Consider a model that generates the following Python snippet in response to a coding question.
from hacktheboxsolver import solve
solve('Blazorized')The package hacktheboxsolver does not exist. If a developer runs pip install hacktheboxsolver, the installation fails. But if an attacker has already registered the name on PyPI and published a package containing malware, the installation succeeds and the malicious code executes in the context of the developer’s user account.
What makes slopsquatting dangerous at scale is that hallucinated package names are repeatable. A 2024 study across 16 code-generation models found that approximately 5.2% of packages recommended by commercial models and 21.7% by open-source models were hallucinated, producing 205,474 unique fictitious package names across 756,000 code samples. A 2026 re-evaluation of five frontier models found that while hallucination rates had narrowed to roughly 4.6% to 6.1%, 127 package names were hallucinated identically across all five models. This cross-model consistency means attackers can probe one model to discover hallucinated names and then register them, knowing that developers using any of the other models will encounter the same recommendations.
In July 2025, PyPI disclosed that its administrators had been alerted by a user whose LLM recommended installing a project that did not exist on the registry. The attack vector is no longer theoretical.
Mitigation strategies
Because hallucination cannot be eliminated, mitigations operate at multiple layers.
At the training and model layer, using high-quality training data from credible sources reduces the frequency of fact-conflicting hallucinations. Fine-tuning a general-purpose model on domain-specific data further reduces hallucination within that domain by exposing the model to accurate, domain-relevant patterns.

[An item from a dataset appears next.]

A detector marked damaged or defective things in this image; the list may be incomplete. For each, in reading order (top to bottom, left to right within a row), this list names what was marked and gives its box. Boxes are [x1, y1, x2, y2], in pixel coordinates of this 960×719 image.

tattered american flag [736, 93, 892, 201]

At the application layer, retrieval-augmented generation (RAG) enriches the user’s query with relevant information from an external knowledge base before generation. This grounds the model’s response in retrieved facts rather than relying solely on parametric memory, reducing (but not eliminating) the likelihood of fabrication.
At the output validation layer, three approaches attempt to measure the model’s certainty before accepting a response. Logit-based measurement evaluates token-level probabilities from the model’s internal state, but requires access to model internals and is unavailable for closed-source models. Verbalize-based measurement prompts the model to self-report a confidence score, but LLMs are unreliable estimators of their own certainty. Consistency-based measurement generates multiple responses to the same prompt and compares them, operating on the principle that factual responses are more likely to be consistent across generations than hallucinated ones.

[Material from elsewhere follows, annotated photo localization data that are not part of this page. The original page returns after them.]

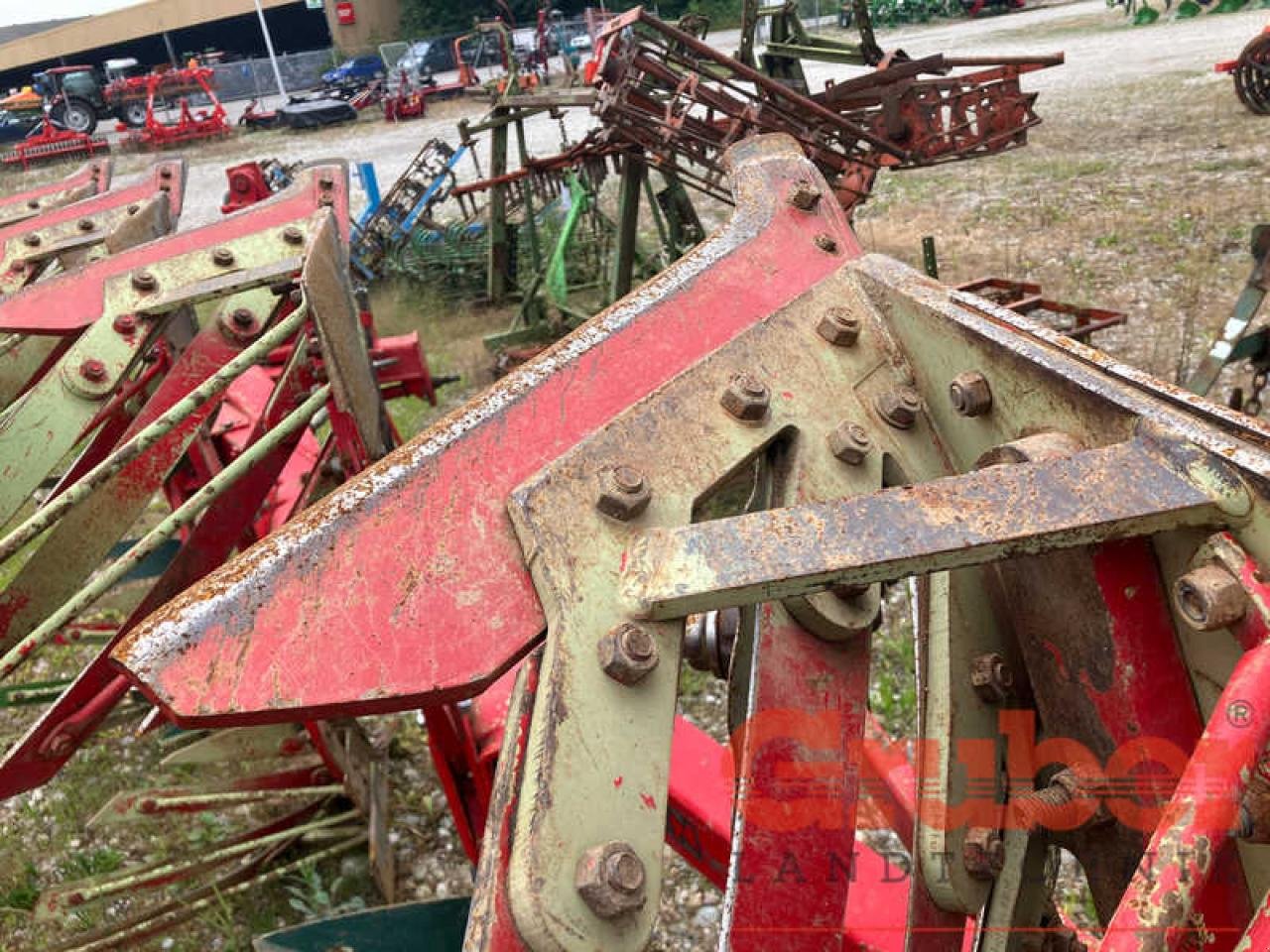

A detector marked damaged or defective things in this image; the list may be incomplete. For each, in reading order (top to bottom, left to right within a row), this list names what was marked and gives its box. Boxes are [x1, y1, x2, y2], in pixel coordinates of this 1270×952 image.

rusty bolt [782, 179, 823, 211]
rusty bolt [818, 306, 858, 347]
rusty bolt [77, 357, 106, 383]
rusty bolt [726, 373, 772, 420]
rusty bolt [873, 388, 924, 431]
rusty bolt [954, 373, 990, 416]
rusty bolt [823, 420, 873, 467]
rusty bolt [596, 464, 650, 523]
rusty metal plow frame [101, 135, 1270, 952]
rusty bolt [1168, 565, 1249, 635]
rusty bolt [594, 627, 655, 685]
rusty bolt [969, 654, 1010, 705]
rusty bolt [959, 827, 1000, 878]
rusty bolt [581, 848, 650, 918]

A multi-agent approach uses multiple LLMs to debate their responses and converge on a consensus, reducing the likelihood that a single model’s hallucination goes unchallenged.

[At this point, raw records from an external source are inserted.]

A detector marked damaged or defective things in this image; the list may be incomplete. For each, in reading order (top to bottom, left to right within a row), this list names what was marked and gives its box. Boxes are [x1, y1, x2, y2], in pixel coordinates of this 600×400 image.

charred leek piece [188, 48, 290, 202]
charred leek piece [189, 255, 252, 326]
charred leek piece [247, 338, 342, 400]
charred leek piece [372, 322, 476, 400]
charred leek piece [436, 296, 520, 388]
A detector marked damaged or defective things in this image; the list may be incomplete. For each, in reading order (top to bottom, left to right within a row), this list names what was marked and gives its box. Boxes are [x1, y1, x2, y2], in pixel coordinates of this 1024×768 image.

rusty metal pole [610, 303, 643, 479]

None of these approaches is sufficient on its own. The most effective mitigation is human validation: a review process that checks LLM output for correctness before it is published, executed, or acted upon. For code generation specifically, this means treating LLM-generated code with the same scrutiny as code from an untrusted external contributor, including dependency verification against the actual contents of public package registries.
Summary
LLM hallucinations are an inherent property of probabilistic text generation, not a defect that can be patched. Their security impact ranges from financial liability (as established in the Air Canada tribunal ruling) to supply chain compromise through slopsquatting, where attackers register hallucinated package names on public repositories and wait for developers to install them. Mitigation requires a layered approach: high-quality training data, RAG-based grounding, output certainty measurement, and human validation before LLM output is trusted by downstream systems or users.